BEGIN Stored data
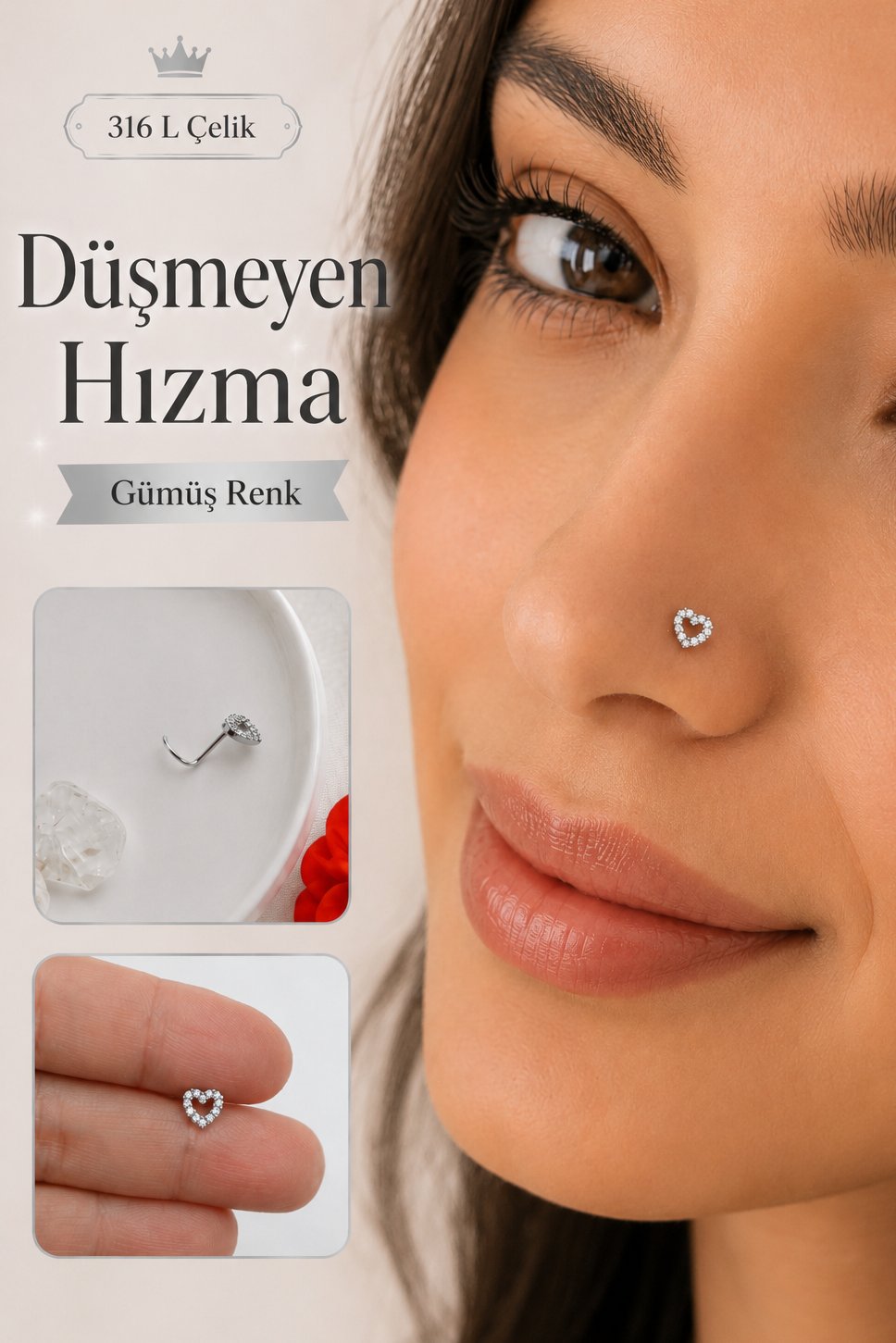 Kalp Model Zirkon Taşlı Düşmeyen Çelik Burun Hızması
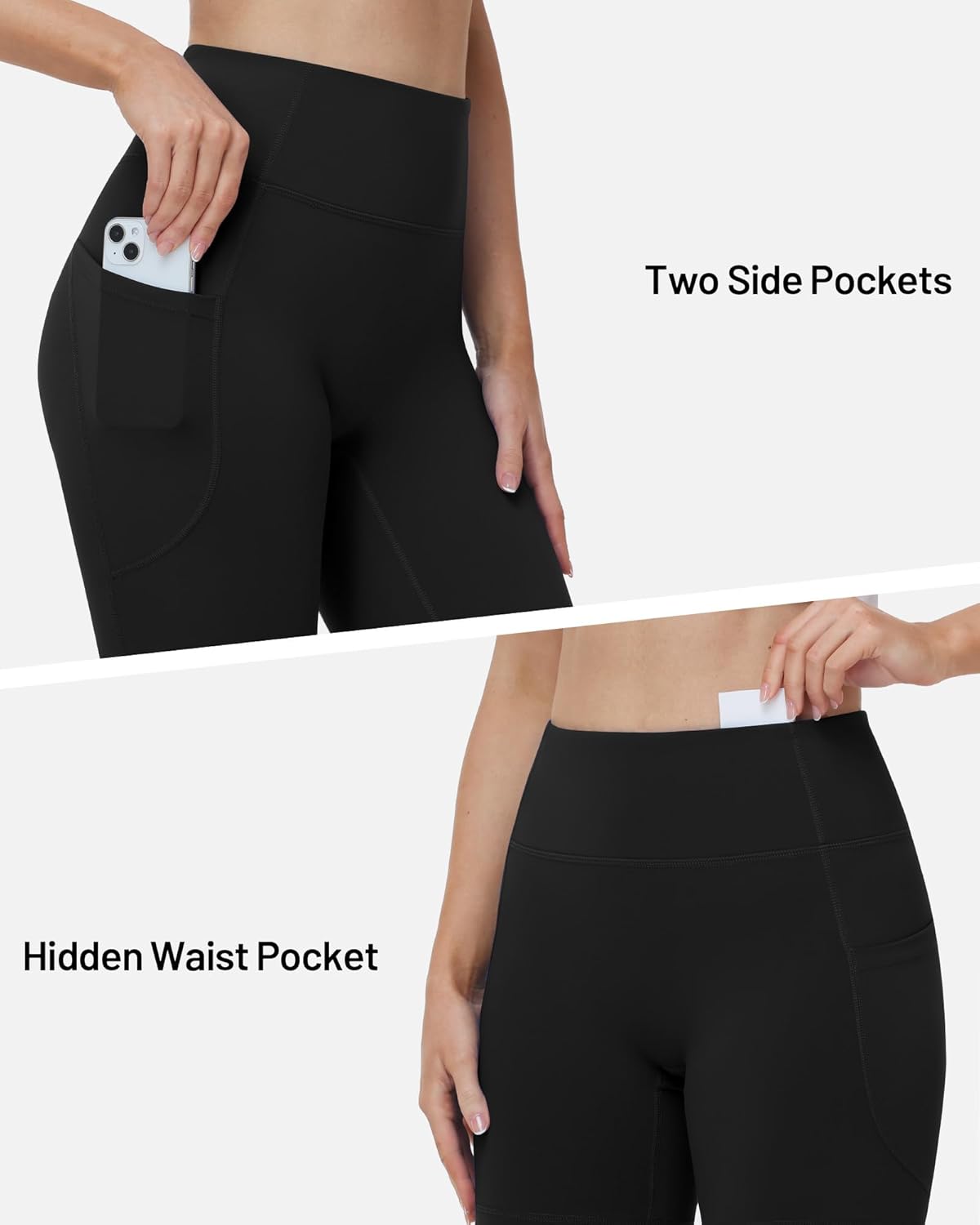 Runhit Women's High Waist Biker Shorts - No Front Seam, Tummy Control, 4"/6"/8" Sizes, Perfect for Yoga & Gym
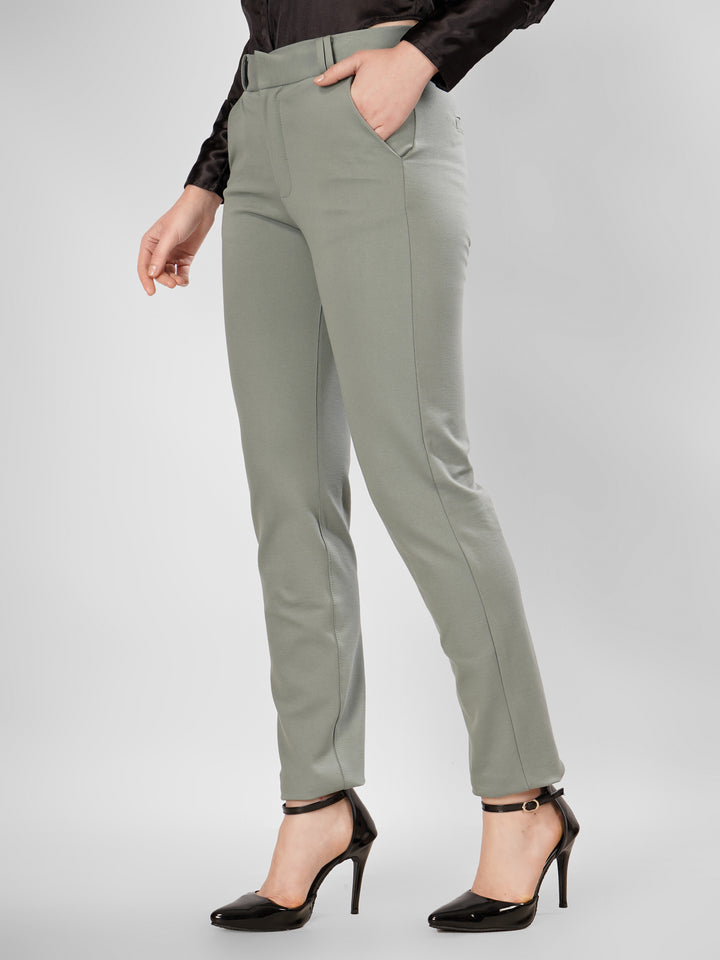 FORMAL STRAIGHT MINT GREEN COLORED TROUSER PLUS SIZE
END Stored data
Exercise description
Beginning with the line that contains "Runhit Women's High" and ending with the last line of the data, restate each line word for word. Exclude the pictures.

Response below
 Runhit Women's High Waist Biker Shorts - No Front Seam, Tummy Control, 4"/6"/8" Sizes, Perfect for Yoga & Gym
 FORMAL STRAIGHT MINT GREEN COLORED TROUSER PLUS SIZE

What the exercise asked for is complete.